Everything quickly took shape online. All classes, from adult courses and schools, to children’s groups and social activities, moved online, and those who had returned to Wales continued to work online even with the four-hour time difference. As is usually done with the Project, classes were shared between a local teacher and a teacher from Wales. This worked very well in the new virtual world that was growing around us and a close relationship was cultivated among the teachers, on both sides of the globe, with weekly meetings and video calls. 

‘Paned a Sgwrs’ moved online

Planning social events online seemed like a daunting task at first, given that we hadn’t met most people face to face before travel was restricted. But people joined just the same, and enthusiastically so. Paned a Sgwrs (cuppa and chat) mornings were arranged (and beer and wine evenings for balance!) plus quizzes, word games and Noson Lawen (music and entertainment evening). One-to-one classes to help those who couldn’t make it to lessons and reading groups for different ability levels were also offered. Suddenly technology opened doors we didn’t know existed and ‘zooming’ became the new thing.

But technology only works as well as your wi-fi connection. In areas where connection is poor it is frustrating and disheartening: students disappear, meetings are disrupted and sometimes a whole afternoon goes by before you can re-connect. Many households share a computer, have little or no internet, or often have clashing timetables between members of the same family. However, people learnt to live with and adapt to this disruption, and it seemed that adapting to everyday problems was second nature to many people. 
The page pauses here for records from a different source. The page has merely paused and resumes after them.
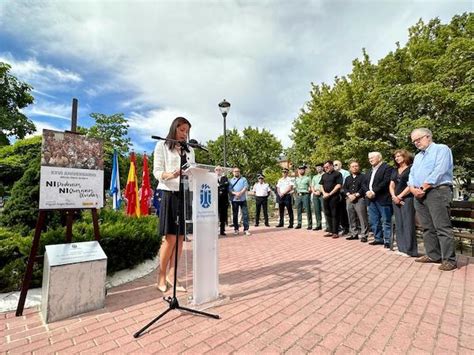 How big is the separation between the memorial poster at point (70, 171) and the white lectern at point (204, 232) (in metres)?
1.20

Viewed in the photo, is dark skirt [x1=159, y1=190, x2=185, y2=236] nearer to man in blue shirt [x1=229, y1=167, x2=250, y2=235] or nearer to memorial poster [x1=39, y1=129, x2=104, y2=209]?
memorial poster [x1=39, y1=129, x2=104, y2=209]

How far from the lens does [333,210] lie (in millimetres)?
7297

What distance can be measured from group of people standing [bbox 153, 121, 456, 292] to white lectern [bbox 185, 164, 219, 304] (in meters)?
0.19

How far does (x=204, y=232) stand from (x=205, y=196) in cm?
37

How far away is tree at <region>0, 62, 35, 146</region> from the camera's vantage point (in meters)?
16.4

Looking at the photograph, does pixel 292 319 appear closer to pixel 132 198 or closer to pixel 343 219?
pixel 343 219

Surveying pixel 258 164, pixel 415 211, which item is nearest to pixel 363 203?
pixel 415 211

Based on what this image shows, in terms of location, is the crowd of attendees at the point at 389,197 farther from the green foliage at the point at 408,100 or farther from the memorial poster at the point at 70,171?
the green foliage at the point at 408,100

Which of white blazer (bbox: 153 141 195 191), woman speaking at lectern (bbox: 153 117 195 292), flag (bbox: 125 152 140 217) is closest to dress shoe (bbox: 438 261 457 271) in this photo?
woman speaking at lectern (bbox: 153 117 195 292)

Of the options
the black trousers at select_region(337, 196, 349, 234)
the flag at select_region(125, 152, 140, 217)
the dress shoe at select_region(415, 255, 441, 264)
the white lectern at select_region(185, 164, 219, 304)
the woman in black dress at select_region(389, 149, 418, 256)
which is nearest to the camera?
the white lectern at select_region(185, 164, 219, 304)

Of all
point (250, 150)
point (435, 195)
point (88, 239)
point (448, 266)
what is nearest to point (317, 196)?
point (435, 195)

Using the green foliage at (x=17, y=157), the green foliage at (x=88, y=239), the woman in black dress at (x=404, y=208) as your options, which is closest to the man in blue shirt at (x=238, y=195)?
the green foliage at (x=88, y=239)

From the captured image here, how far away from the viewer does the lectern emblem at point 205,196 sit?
281 centimetres

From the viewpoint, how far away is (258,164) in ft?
114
‘Galés con Marian’ on YouTube

In July I designed and filmed ‘Un mes de galés’, a short course of 25 videos of around 10 minutes each, through the medium of Spanish, which went some way towards addressing this problem. The videos didn’t need to be watched live and could be downloaded on any device when and where connection was available. We uploaded them on Menter Patagonia’s new YouTube channel and shared them on social media every day for a month. We received wonderful feedback both in comments and in the local press and on the radio. In October 2020 I released a sequel, ‘Otro mes de galés’. Since then I’ve made more YouTube videos on different aspect of learning Welsh, all through the medium of Spanish. This means that anyone, anywhere learning Welsh (in Spanish) can access and enjoy these videos. The channel is called Galés con Marian (Welsh with Marian).
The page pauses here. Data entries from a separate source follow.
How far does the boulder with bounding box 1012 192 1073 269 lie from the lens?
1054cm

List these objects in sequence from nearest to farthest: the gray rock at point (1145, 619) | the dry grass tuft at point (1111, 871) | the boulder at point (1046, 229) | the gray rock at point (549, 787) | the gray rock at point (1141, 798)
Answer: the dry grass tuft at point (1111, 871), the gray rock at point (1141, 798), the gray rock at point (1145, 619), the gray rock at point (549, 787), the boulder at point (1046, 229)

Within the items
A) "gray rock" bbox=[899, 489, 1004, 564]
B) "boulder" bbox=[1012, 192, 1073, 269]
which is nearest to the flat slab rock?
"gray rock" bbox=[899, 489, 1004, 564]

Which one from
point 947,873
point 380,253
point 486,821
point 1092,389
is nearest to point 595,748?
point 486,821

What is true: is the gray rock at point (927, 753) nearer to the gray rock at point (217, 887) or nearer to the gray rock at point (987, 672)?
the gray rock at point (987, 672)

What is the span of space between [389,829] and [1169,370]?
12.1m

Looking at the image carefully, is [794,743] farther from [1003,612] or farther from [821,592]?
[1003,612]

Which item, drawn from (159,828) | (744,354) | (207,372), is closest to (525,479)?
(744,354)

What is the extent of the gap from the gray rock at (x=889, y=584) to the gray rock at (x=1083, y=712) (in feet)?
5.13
Suddenly we had students in Buenos Aires, Mexico, Uruguay and France

Online lessons made it possible for all kinds of people, who normally wouldn’t be able to make it to a classroom, to learn Welsh for the first time. Two new groups were started in August, which would be taught exclusively online, even if classes returned to the classroom. As over 50 people registered for the Mynediad level course (A1), the students were split into two groups and taught twice a week, once with a local teacher and once with a teacher from Wales. Suddenly we had students in Mendoza, Buenos Aires, La Plata, Salta, even as far as Mexico, Uruguay and France. For many this was a once in a lifetime opportunity to connect to their roots, something that was obviously very important to them. There was so much passion for learning!
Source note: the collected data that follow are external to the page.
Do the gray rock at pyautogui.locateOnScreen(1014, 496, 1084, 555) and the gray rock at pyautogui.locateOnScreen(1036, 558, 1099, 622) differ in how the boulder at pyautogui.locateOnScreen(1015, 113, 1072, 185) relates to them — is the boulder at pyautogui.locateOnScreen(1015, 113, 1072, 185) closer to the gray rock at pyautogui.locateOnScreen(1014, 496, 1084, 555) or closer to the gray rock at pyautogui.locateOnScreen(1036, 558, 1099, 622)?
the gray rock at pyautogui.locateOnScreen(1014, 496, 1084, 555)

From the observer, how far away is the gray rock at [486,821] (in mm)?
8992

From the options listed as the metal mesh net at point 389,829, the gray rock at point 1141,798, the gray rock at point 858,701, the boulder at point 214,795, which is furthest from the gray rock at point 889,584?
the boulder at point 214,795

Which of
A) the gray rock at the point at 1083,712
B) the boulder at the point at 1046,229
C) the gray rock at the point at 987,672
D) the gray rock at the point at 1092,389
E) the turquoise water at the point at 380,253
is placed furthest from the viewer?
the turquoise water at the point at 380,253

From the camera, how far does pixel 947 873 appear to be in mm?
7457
The coming year will be difficult. There will be fewer teachers and even less travelling, and there’s more of an understanding of how long the pandemic and its effects might last. But the enthusiasm, creativity and willingness to adapt by the teachers, the students and everyone involved with the Project will carry everyone through another successful year. 

After ten months in Trelew I returned to Wales to spend time with my family over Christmas. Unfortunately, travelling back to Patagonia was impossible due to new strains of the virus halting travel and closing borders. But once it is safe again to do so, I will be on the first flight back to Trelew!